サッカーの話をしよう

No.67 村山首相は責任ある決断を

 何を考えているのか、まったく理解に苦しむ。2002年ワールドカップの日本招致に関する村山総理大臣の対応(7月28日)だ。
 村山首相は、日本サッカー協会を中心とする招致委員会(石原俊会長)から出された閣議了解などの要請に対し、「閣議了解はしない。関係省庁で協力できるところはしていく」と、まったくつれない態度だったと報道されている。

 2002年ワールドカップの招致活動は、90年に日本サッカー協会から始まった。しかしワールドカップはオリンピックを一度に数個開くといってもいい世界最大規模のイベント。サッカー協会だけでできる大会ではない。
 そこで、91年六月に、スポーツ界、財界、そして地方自治体の協力を得て招致委員会を組織した。ことし6月には、岡野俊一郎・日本協会副会長を招致委員会の実行委員長、小倉純二・日本協会専務理事を招致委員会事務局長とする人事刷新を行い、総力をあげて招致活動を行う態勢をつくりあげた。

 6月から7月にかけてアメリカで行われた大会を見てもわかるように、ワールドカップは国家事業、あるいはそれに準じたイベントということができる。全国の十数都市に一級のスタジアムを用意し、外国がらの観戦客を数十万人も迎え、百数十カ国からのマスメディアの要請に応えなければならないからだ。
 スタジアム周辺の空港や道路の整備、参加32チームのトレーニング施設の準備などを合わせると、1兆円を超えるビッグプロジェクトになると予想されている。サッカーがいくら人気のある競技になっても、一競技団体が広告代理店やテレビ局の助けを借りて運営できる規模の大会ではないのだ。

 日本サッカー協会の開催意思表示を受けて、国際サッカー連盟(FIFA)は前向きに検討しているし、国際的にも「日本でやってほしい」という声が高い。
 とすれば、政府が行わなければならない決断は、サッカー協会の事業を助けるかどうかではなく、この大会を自ら「やるかやらないか」であるはずだ。
 2002年ワールドカップの開催地は、96年6月に開催されるFIFAの理事会で決定される。それまでわずか2年間しかない。招致委員会ではスタジアムの具体的な設計を含めた開催計画をまとめ、来年の秋にはFIFAに提出する計画だ。しかし政府が積極的に開催を保証しなければ、その準備のすべては無に帰してしまう。FIFAが示す開催条件には、「政府の協力保証」が不可欠のものとしてあげられるからだ。
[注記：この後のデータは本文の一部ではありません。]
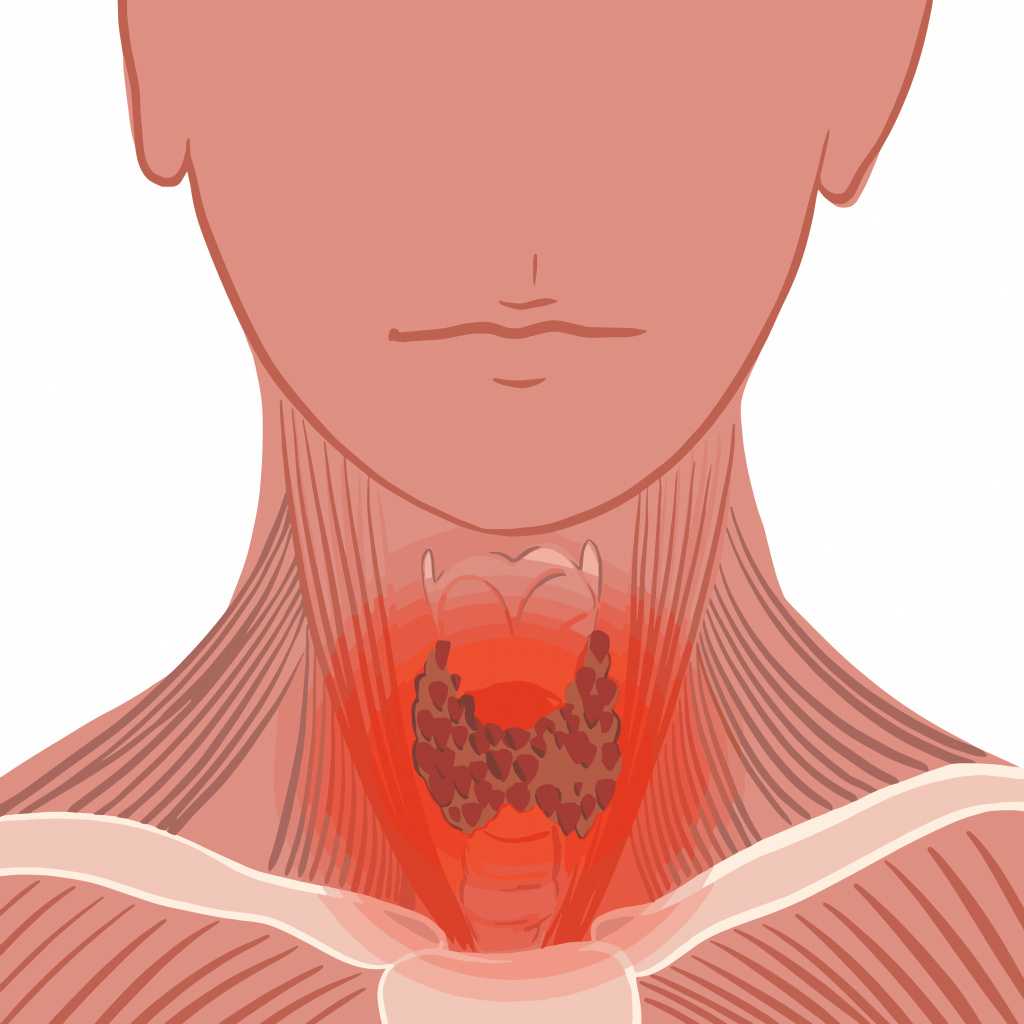Щитовидка какие болезни. Острый тиреоидит щитовидной железы. Хронический тиреоидит ЩЖ. Тиреоидит воспаление щитовидной. Подострый тиреоидит щитовидной железы.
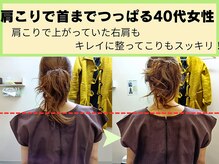 鍼灸 整体院 ひわたし/首までつっぱる肩こりもスッキリ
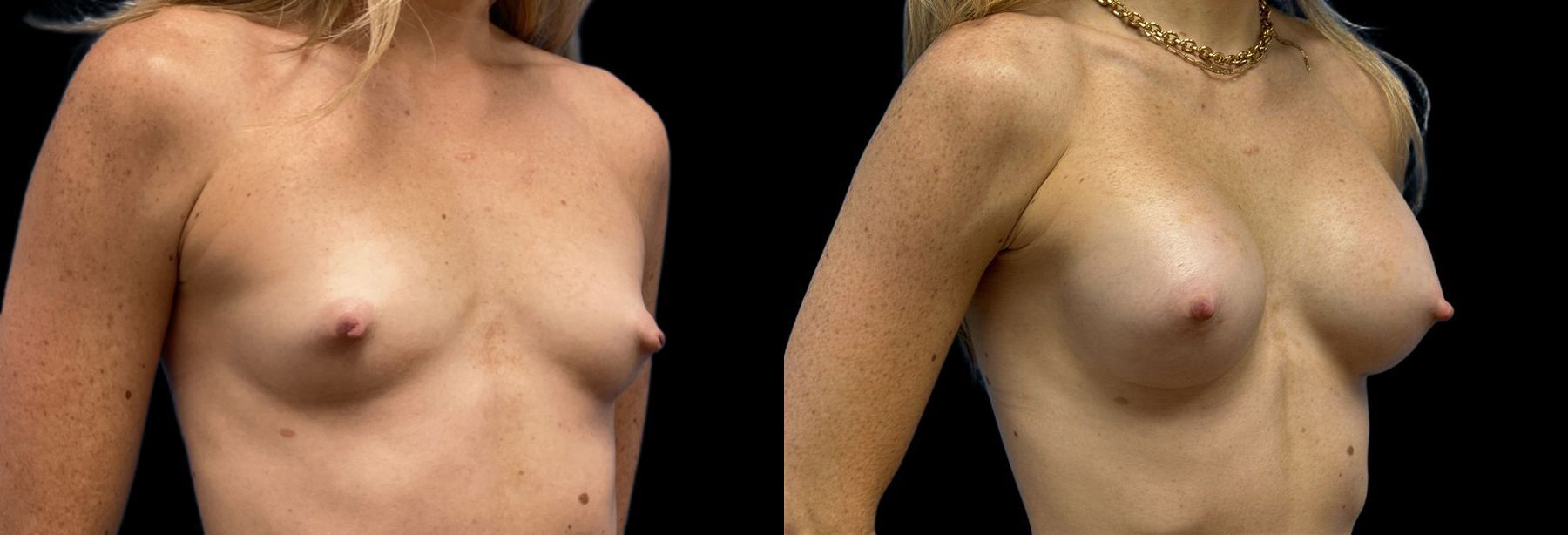 Before and after Breast Augmentation case 41242 - Angle 2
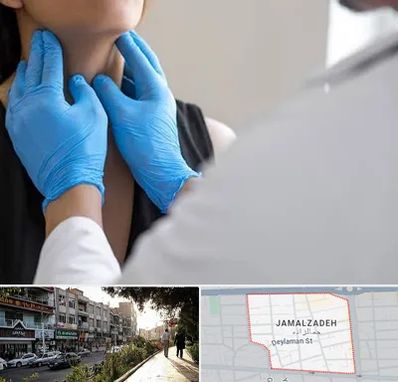 دکتر سرطان گلو در خیابان جمالزاده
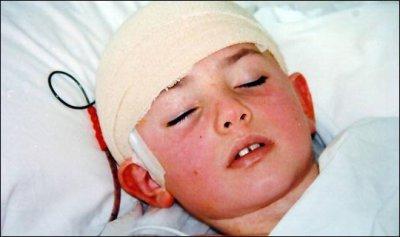 How serious are the effects of meningitis in children?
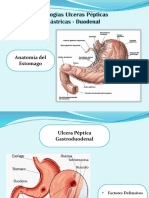 Ulcera Gastroduodenal: Factores, Síntomas y Tratamiento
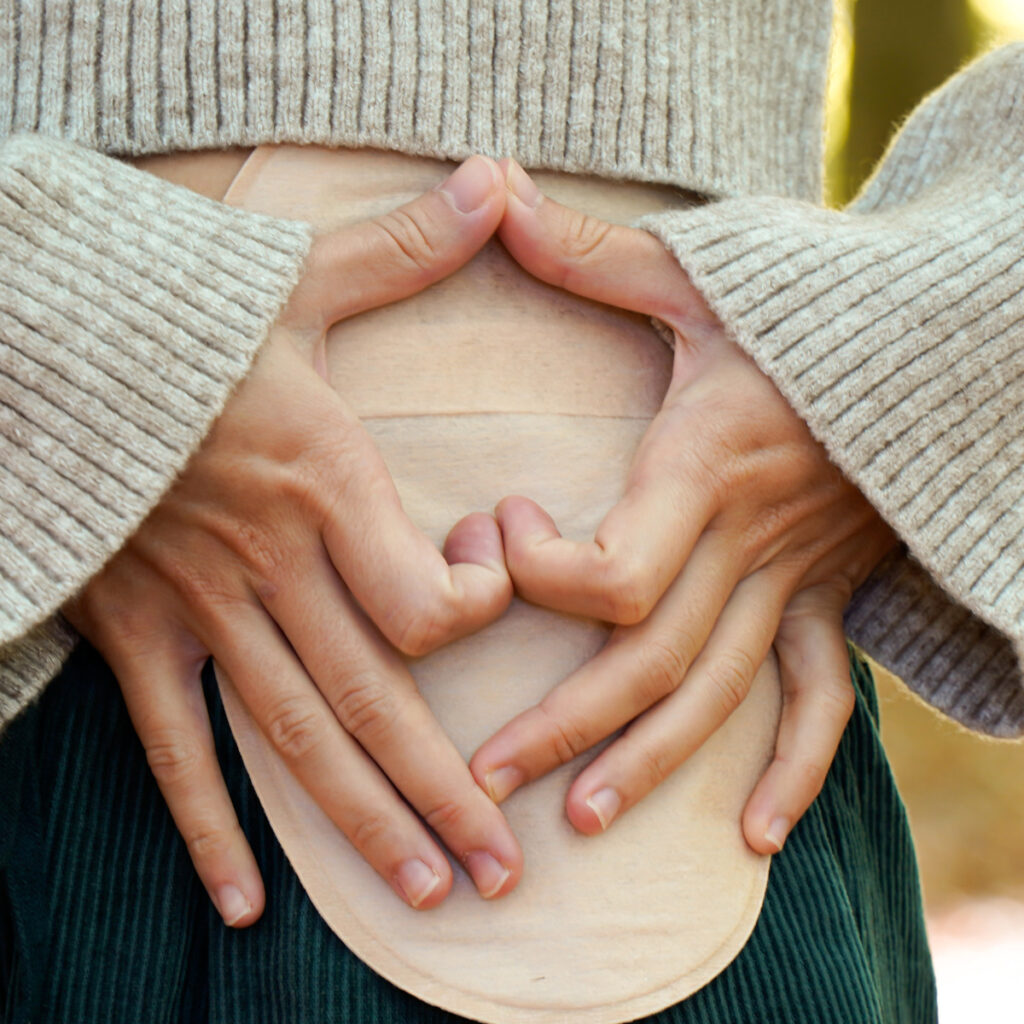 A Burtonsville, MD patient making a heart shape with their hands over their ostomy bag.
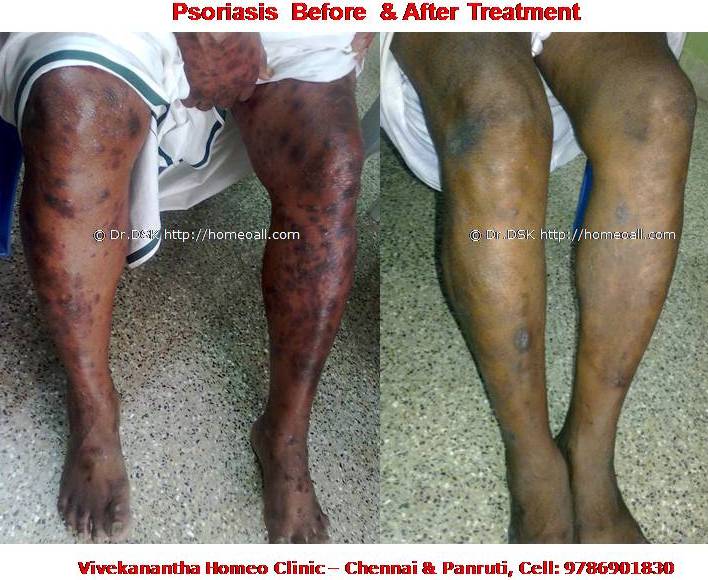 Psoriasis Homeopathy Specialty treatment Dr.Senthil Kumar, Vivekanantha homeopathy clinic, Velachery, Chennai, Panruti, pondichery, Cuddalore (4) Psoriasis - சொரியாசிஸ் சொரியாசிஸ் - Psoriasis என்றால் என்ன ? சொரியாசிஸ் என்பது தோல் அழற்சி நிலையாகும். இதை மீன் செதில் படை என்றும் அழைக்கலாம். சொரியாசிஸ் தோலில் உள்ள செல்கள் வேகமாக இறப்பதன் மூலம் உண்டாகிறது. இதன் விளைவாக தோல் தடித்து மீன் செதில் போன்று இறந்த செல்கள் உதிரும், புரையோடும். தோலிலுள்ள பல சிறு இரத்த நாளங்கள் வீங்கிவிடுவதால் தோல் சிவப்பு நிறமாகக் காணப்படும். சொரியாசிஸ் எவ்வாறு தோற்றமளிக்கும்? • சொரியாசிஸ் என்பது தோலில், மீன் செதில் போன்று இறந்த செல்கள் உதிர்ந்து விழும் புரையுடன் கூடிய வெண்மை / சிவப்பு திட்டுகளாக (Silver Scaly patches) காணப்படும். • உடலின் எந்தப்பாகத்தில் வேண்டுமானாலும் வரலாம். • முழங்கை, முழுங்கால் மூட்டு, முதுகு, தலையுச்சி முதலிய பாகங்கள் பொதுவாக பாதிக்கப்படும். சொரியாசிஸ் தொற்று நோயா? • சொரியாசிஸ் தொற்று நோயல்ல. இது மற்றவர்களுக்கு பரவாது • சுகாதார குறைவு காரணமாக இது ஏற்படாது. சொரியாசிஸ் வர காரணம் என்ன ? • சொரியாசிஸ் மரபு காரணம் மற்றும் சுற்றுச் சூழல் நிலை இவற்றின் பாதிப்பினால் ஏற்படுகிறது என்று நம்பப்படுகிறது. • சொரியாசிஸால் பாதிக்கப்படுபவர்களில் 25% பேர் சொரியாசிஸ் நோயுடைய குடும்பத்திலிருந்து வந்தவர்களே, சிலருக்கு மரபு நிலை காரணமாகிறது. • உடல், மன அழுத்தங்கள், குரல்வளை தொற்று, ப்ளூ, ஸ்டீராய்ட் ஹார்மோன்ஸ், சில ஆண்ட்டி ஹைபர் டென்சிவ் போன்ற சில மருந்துகள், சோரியாசிஸை மேலும் மோசமாக்கும். • குடிபழக்கம், புகைபிடித்தல் சொரியாசிஸை மோசமாக்கும். சொரியாசிஸ் நோயின் விளைவுகள் • சொரியாசிஸ் நோயாளிகளுக்கு மூட்டுவலிகளும், வீக்கமும் வரலாம். • சொரியாசிஸ் விரல்களையும், கால்விரல் நகங்களையும் தாக்கி, சிறு குழிகளையும், கருமை நிறத்தையும், நகங்கள் தடிப்பையும், ஏற்படுத்தும். நகம் உடையலாம். சொரியாசிஸ் யாருக்கு வரும் ? • சொரியாசிஸ் ஆண், பெண் இருவரையும் சமமாகத் தாக்கலாம். • சொரியாசிஸ் எந்த வயதில் வேண்டுமானாலும் வரலாம். வழக்கமாக 20 வது வயதில் தாக்கத் தொடங்கும். பிறப்பிலிருந்தும் முதிய வயதிலும் கூட இது வரலாம். • ஒரு முறை சொரியாசிஸ் வந்ததும், குறைதல், தணிதல், அதிகரித்தல் என பல்வேறு நிலை மாற்றங்கள் ஏற்படும். சொரியாசிஸ்க்கு என்ன மருத்துவங்கள் உள்ளன. நவீன மருத்துவத்தில் பல மருந்துகள் உபயோகப்படுத்தப்படுகின்றன, டாபிகல் ஸ்டீராய்ட்ஸ் மேற்பூச்சுக்கள் (Steroids creams), போட்டோதெரபி, அல்ட்ரா வைலட், மெதாட்டுரக்ஸாட் (methotrexate) இத்தகைய மருந்துகள் பக்க விளைவுகளை ஏற்படுத்தும். எனவே நோயாளிகள் இந்தப் பக்க விளைவுகளைப் பரிசோதித்துக் கொள்ள அடிக்கடி இரத்த பரிசோதனை செய்து கொள்ள வேண்டும். மேலும் தொடர்ந்து இந்த மருந்துகளை உட்கொள்ளக்கூடாது. சொரியாசிஸ் நோயாளிகள் செய்யக்கூடாதவை, செய்ய வேண்டியவை  தோலைச் சொரியாதீர்கள் ஏனெனில் இது குணமாவதைத் தாமதப்படுத்தும்.  ஹோமியோபதி மருந்துகள் வேலை செய்து விளைவுகள் காட்ட பல வாரங்கள் ஆகுமாதலால் மருத்துவத்தை விரைவில், இடையில் நிறுத்திவிடாதீர்கள்.  சொரியாசிஸைக் கட்டுப்படுத்த தரப்பட்ட மருந்துகளையும், மருத்துவத்தையும் திடீரென்று நிறுத்திவிடாதீர்கள். இதனால் நோய் இன்னும் மோசமாகும்.  மருந்துகளை தொடர்ந்து சீராக எடுத்துக்கொள்ளுங்கள்.  தோலை எப்போதும் ஈரத்தன்மையுடையதாக வைத்திருங்கள். அது நமைச்சலையும், அரிப்பையும், புரை ஏற்படுவதையும் தடுக்கும்.  சூரிய ஒளியில் இருப்பது பொதுவாக நல்லதே, ஆனால் அதிகமாக வெகு நேரம் இருப்பதால் வேர்க்குருக்கள் உண்டாகும். அதனால் சொரியாசிஸ் தீவிரமடையும்.  மன அழுத்தம் சொரியாசிஸை அதிகப்படுத்தும். அமைதியாக இருக்கவும், உடற்பயிற்சி செய்யவும், ஒய்வு எடுத்துக்கொள்ளவும், சோரியாஸிஸ் ஹோமியோபதி மருத்துவ சிகிச்சை, நோயின் அறிகுறிகளுக்கேற்ற ஹோமியோபதி மருத்துவசிகிச்சை நோயின் தன்மையை நன்கு கட்டுப்படுத்தி விரைவில் நல்ல பலனளிக்கும். தொடர்ந்து ஹோமியோபதி மருந்துகளை உட்கொள்வதன் மூலம் நல்ல பலன்பெறலாம். ஹோமியோபதி சிகிச்சைக்கு தொடர்பு கொள்ளவும் ஹோமியோபதி சிறப்பு மருத்துவர் செந்தில் குமார் தண்டபாணி அவர்களிடம் இதைப்போன்ற நோய்களுக்கு சிகிச்சை பெற்று பலர் நல்ல பலனடைந்திருக்கிறார்கள். மருத்துவர் செந்தில் குமார் அவர்களை சென்னை, வேளச்சேரி விவேகானந்தா ஹோமியோபதி கிளினிக் & உளவியல் ஆலோசனை மையத்தில் சந்திக்கலாம். முன்பதிவு அவசியம். முன்பதிவிற்கு தொடர்புகொள்ளவும் 9786901830, மின் அஞ்சல்: consult.ur.dr@gmail.com மேலும் விபரங்களுக்கும் ஆலோசனைக்கும் சிகிச்சைக்கும் தொடர்பு கொள்க விவேகானந்தா கிளினிக் ஆலோசனை மையங்கள் & தொடர்பு எண்கள் சென்னை:- 9786901830 பண்ருட்டி:- 9443054168 புதுச்சேரி:- 9865212055 (Camp) மின் அஞ்சல் : consult.ur.dr@gmail.com, homoeokumar@gmail.com முன்பதிவிற்கு அழைக்கவும் அல்லது மின் அஞ்சல் அனுப்பவும். முன்பதிவிற்கு: உங்களின் பெயர் - வயது – அலைபேசி எண் – பிரச்சனை (ஒரு வரியில்) தேதி – கிழமை – இடம், முதலியவற்றை குறுந்தகவல் மூலம் அனுப்பவும். உதாரணம்: ரம்யா - 28 – 99******00 – சோரியாசிஸ் Psoriasis – 20-12-2014 – சனிக்கிழமை – சென்னை, மருத்துவர் உங்களின் முன்பதிவை குறுந்தகவல் மூலம் உறுதிப்படுத்துவார்.
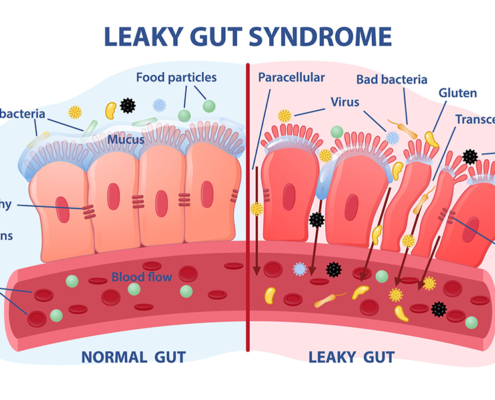 diagram explaining leaky gut syndrome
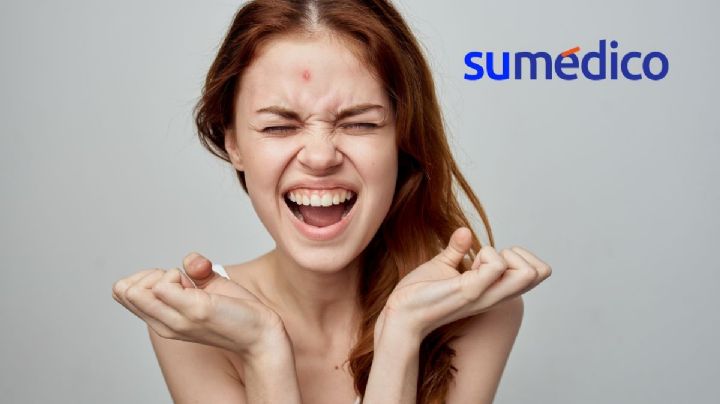¿Qué hacer para bajar la inflamación de un grano? 5 trucos que no conocías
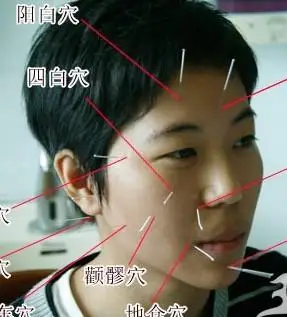 针灸治疗面瘫的内容简介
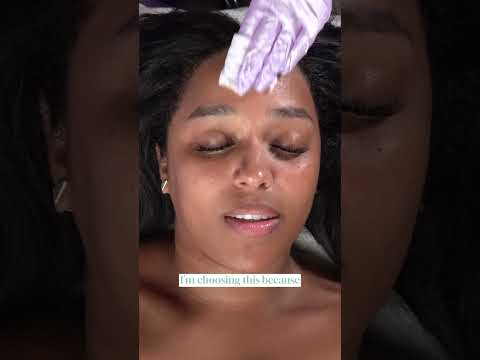 ASMR SkinBetter Peel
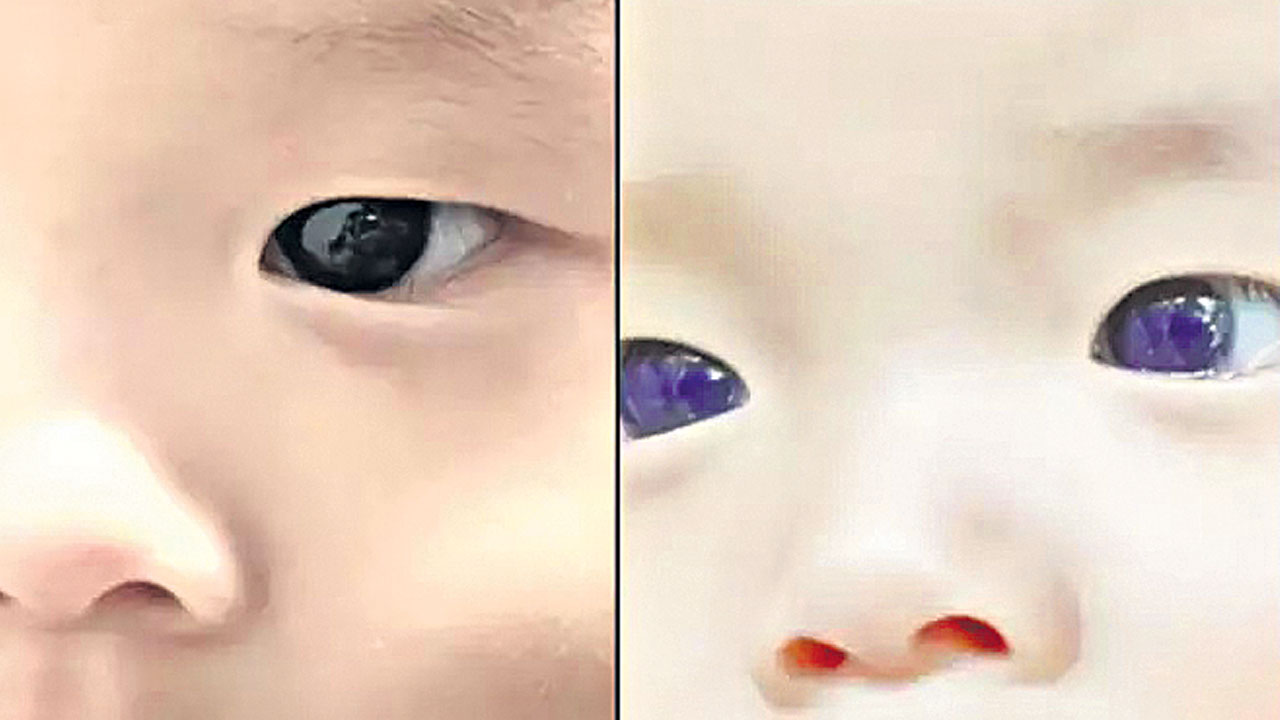 కొవిడ్‌ చికిత్స తర్వాత నీలిరంగులోకి కండ్లు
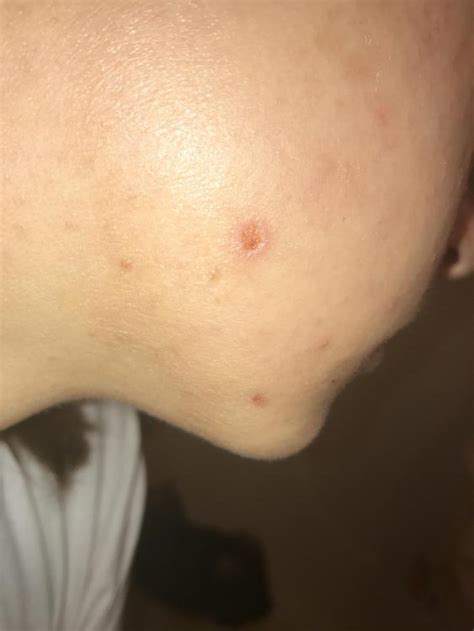 Maybe you would like to learn more about one of these? HELP!! picked scab too soon, hole on cheek! - General acne discussion - Acne.org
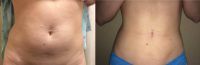 18-24 year old woman treated with Liposuction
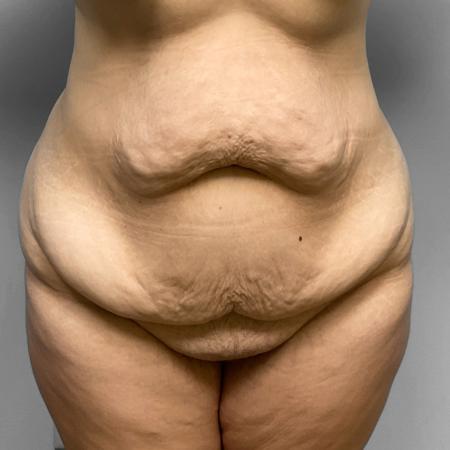 Before Case #114826 - Tummy Tuck & Liposuction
 私は「経済波及効果」、平たくいえば、「もうかりますよ」というようなことは言いたくない。それはワールドカップを開催する目的ではなく、開催の結果ついてくるものだからだ。ただ、ワールドカップの日本開催が21世紀の世界平和に大きく貢献し、同時に世界のサッカーファンに心から楽しんでもらえる大会になることを確信して、日本で開催してほしいと思うのだ。
 だが再三言うように、決めるのはサッカー協会でもファンでもない。FIFA理事会の投票であり、その場に上がるには政府の保証が必要なのだ。
 政府がやらないと決めるなら、それで終わりだ。私たちの選挙の結果生まれた政府が決めるなら、それを受け入れるしかない。
 関係省庁に任せるなどという寝ぼけたことを言っている場合ではない。やるのかやらないのか、村山首相は責任ある決断をしなければならない。